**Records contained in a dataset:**
━━━━━━

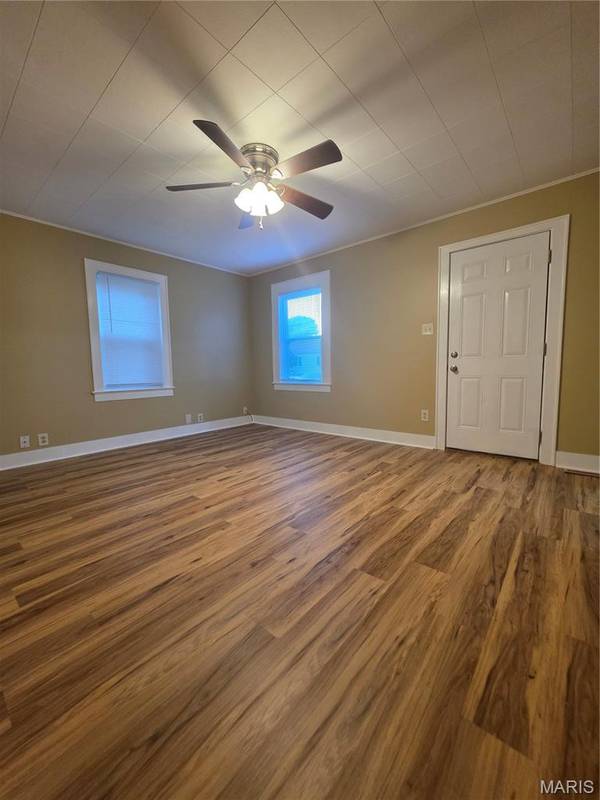 735 E Kathleen ST, Sikeston, MO 63801
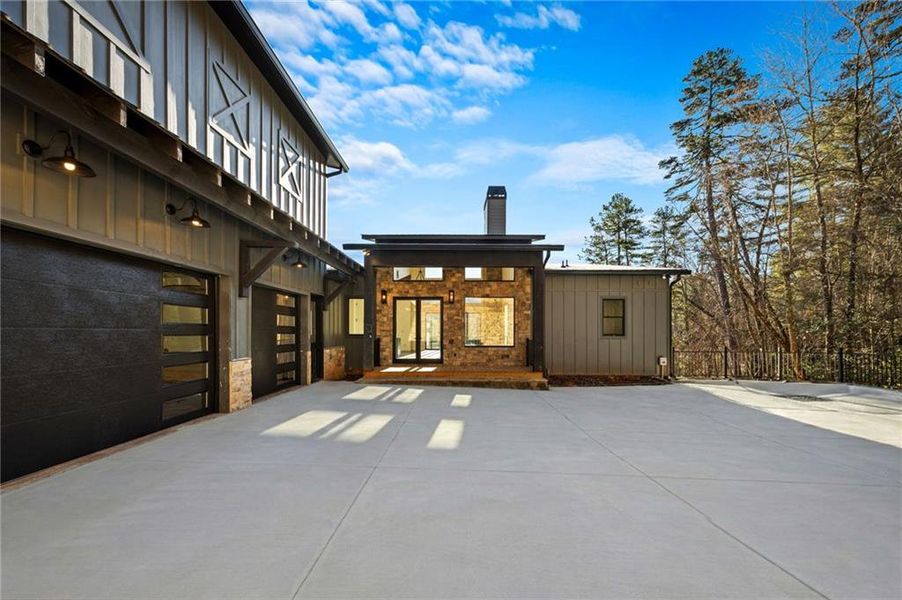 Exterior details and patio area of a home in , Blue Ridge (Image 29).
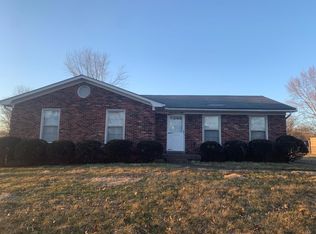 2908 Winterhaven Rd, Louisville, KY 40220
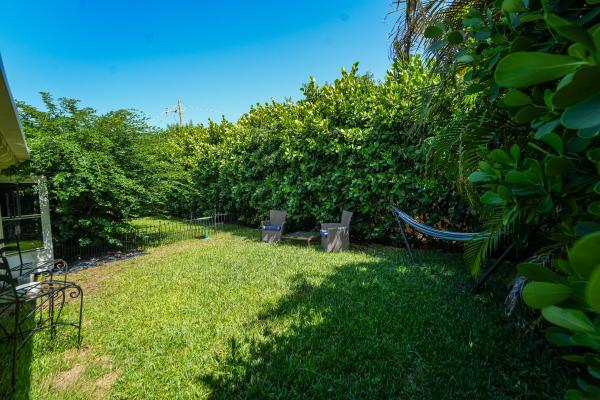 Kelsey City, 722 Greenbriar Dr, Lake Park, Florida 33403, image 2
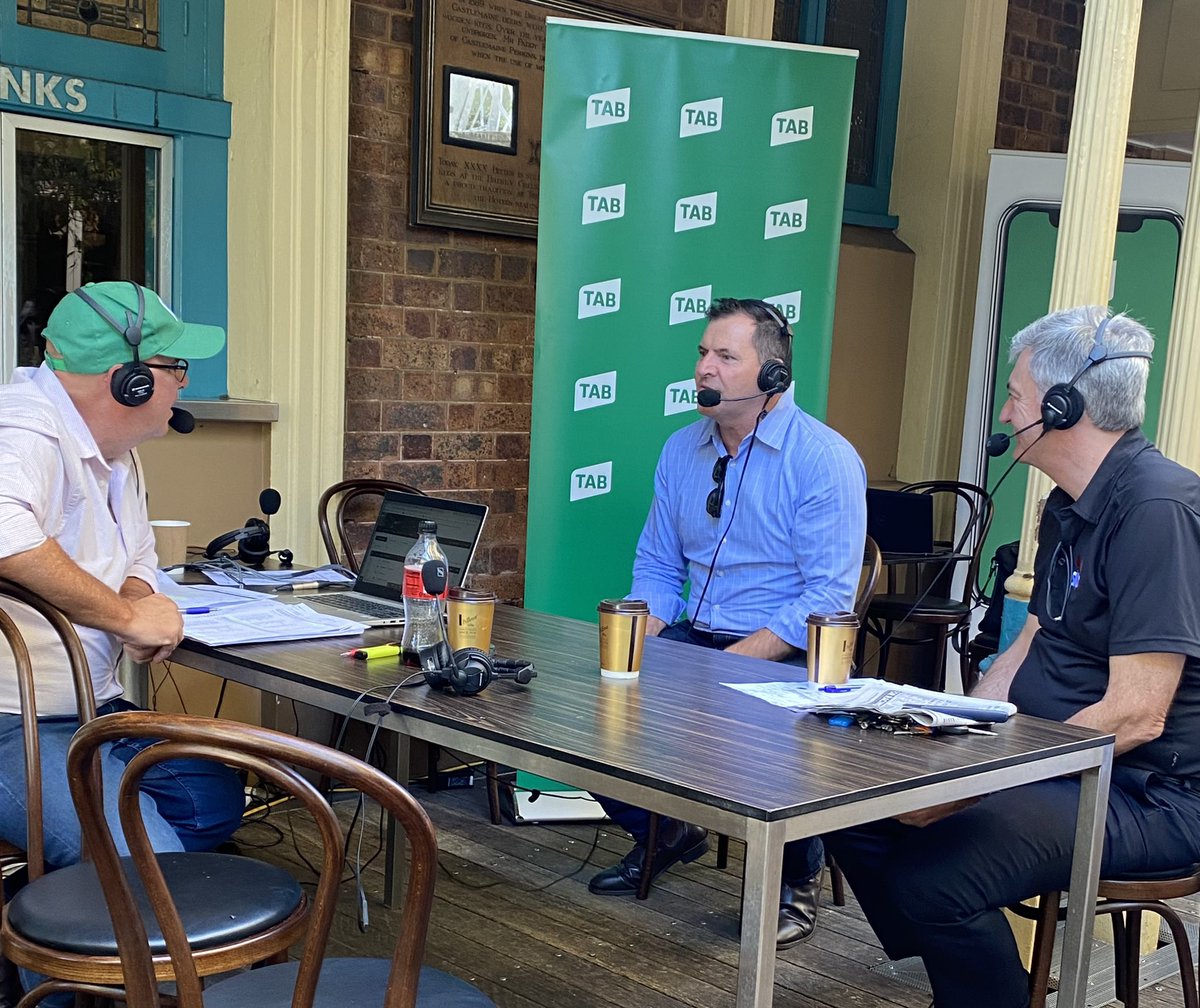 Fantastic to have <a href="/Hoges5/">Bernie Hogan</a> from <a href="/qldhotels/">Queensland Hotels</a> out at the Brekky Creek Hotel for our <a href="/tabcomau/">TAB</a> Derby Day Eve Radio TAB broadcast, talking about the many Fantastic QLD pubs customers can head to over this busy weekend 🐎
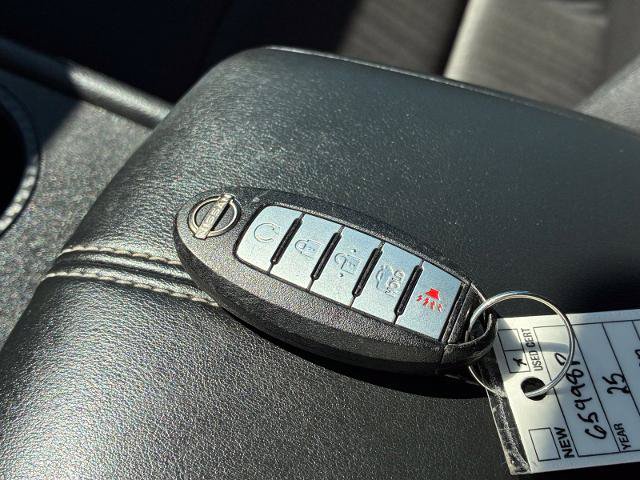 Used 2025 Nissan Altima 2.5 SV AWD/4WD image 27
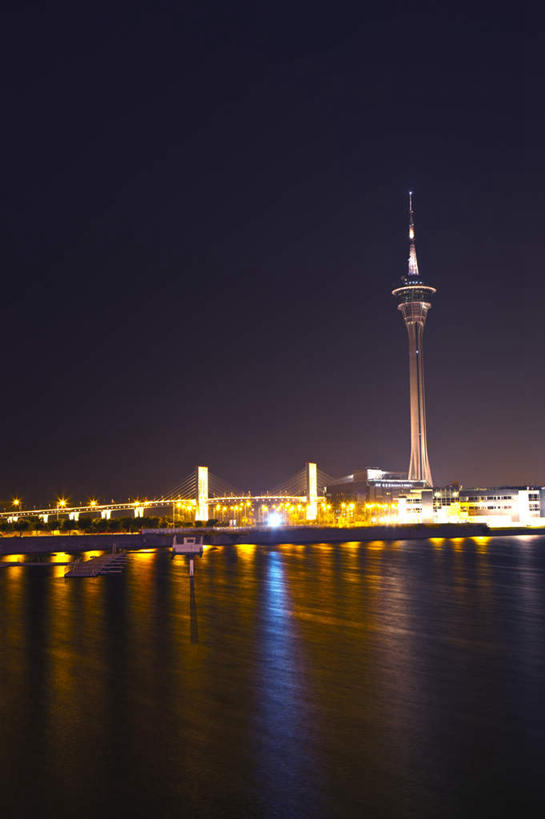 无人,竖图,室外,夜晚,正面,旅游,度假,湖,湖泊,山,山脉,水,标志建筑,大桥,地标,建筑,立交桥,路灯,桥梁,夜景,照明,澳门,中国,亚洲,阴影,波纹,光线,影子,湖面,山峰,水流,水面,高架,斜拉桥,桥,灯光,涟漪,山峦,娱乐,建设,灯,倒影,水纹,波浪,湖水,群山,享受,休闲,旅游胜地,放松,照亮,倒映,照明设备,东亚,港澳台,中华人民共和国,水晕,澳门特别行政区,澳,反照,彩图,澳门观光塔,澳门旅游塔,澳门南湾,南湾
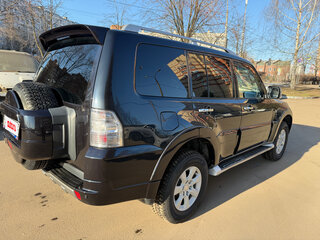 2008 Mitsubishi Pajero IV, чёрный, 1500000 рублей, вид 2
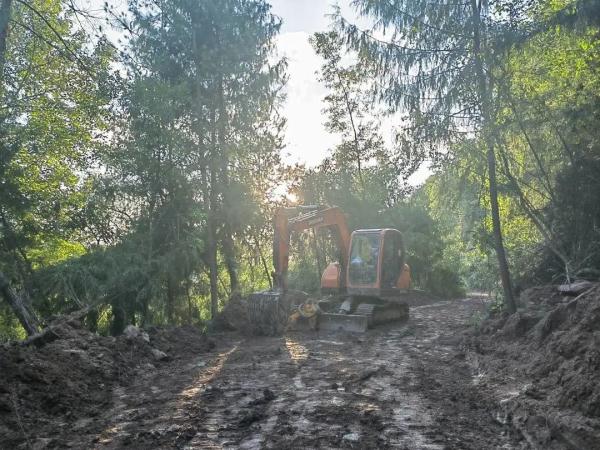 直击万凉铁路抢修现场：最快两三个月修好坍塌桥墩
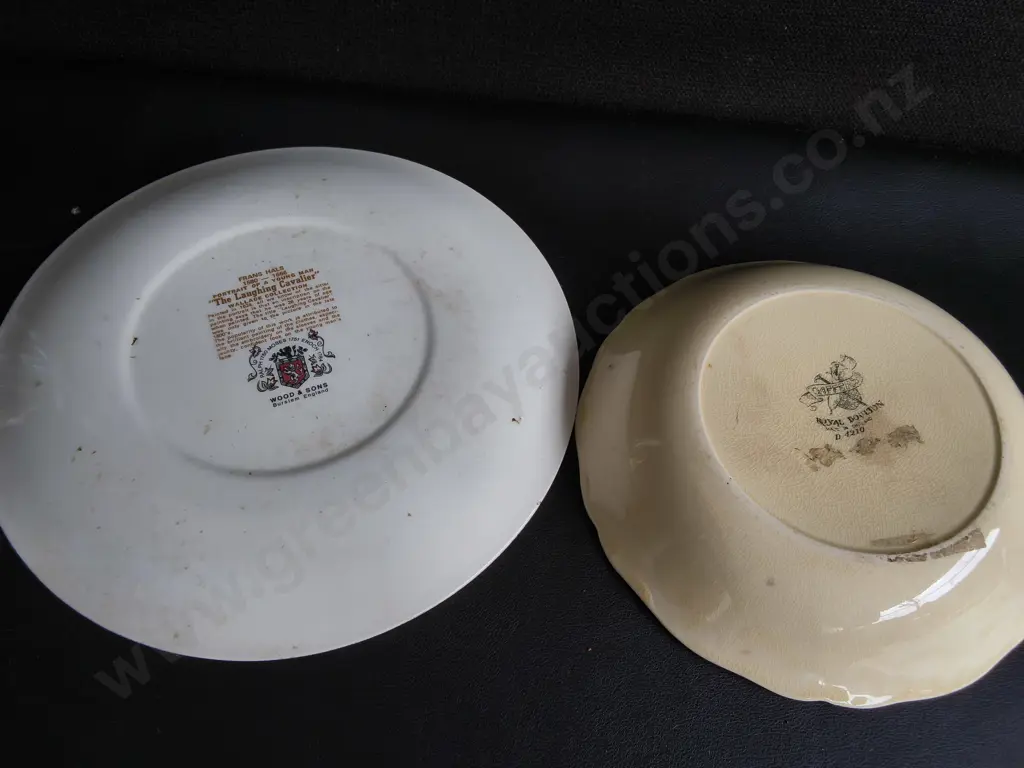 3 VINTAGE CERAMICS, INCLUDING 2 ROYAL DOULTON, AND WOOD & SONS DECORATIVE PLATE, WIDEST DIA 26 CM Image 1++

━━━━━━

**Task requirements:** The stretch to restate runs from the line above containing "Used 2025 Nissan" through the line containing "直击万凉铁路抢修现场：最快两三个月修好坍塌桥墩". Copy it word for word, ends included, without pictures.

**Response:**
 Used 2025 Nissan Altima 2.5 SV AWD/4WD image 27
 无人,竖图,室外,夜晚,正面,旅游,度假,湖,湖泊,山,山脉,水,标志建筑,大桥,地标,建筑,立交桥,路灯,桥梁,夜景,照明,澳门,中国,亚洲,阴影,波纹,光线,影子,湖面,山峰,水流,水面,高架,斜拉桥,桥,灯光,涟漪,山峦,娱乐,建设,灯,倒影,水纹,波浪,湖水,群山,享受,休闲,旅游胜地,放松,照亮,倒映,照明设备,东亚,港澳台,中华人民共和国,水晕,澳门特别行政区,澳,反照,彩图,澳门观光塔,澳门旅游塔,澳门南湾,南湾
 2008 Mitsubishi Pajero IV, чёрный, 1500000 рублей, вид 2
 直击万凉铁路抢修现场：最快两三个月修好坍塌桥墩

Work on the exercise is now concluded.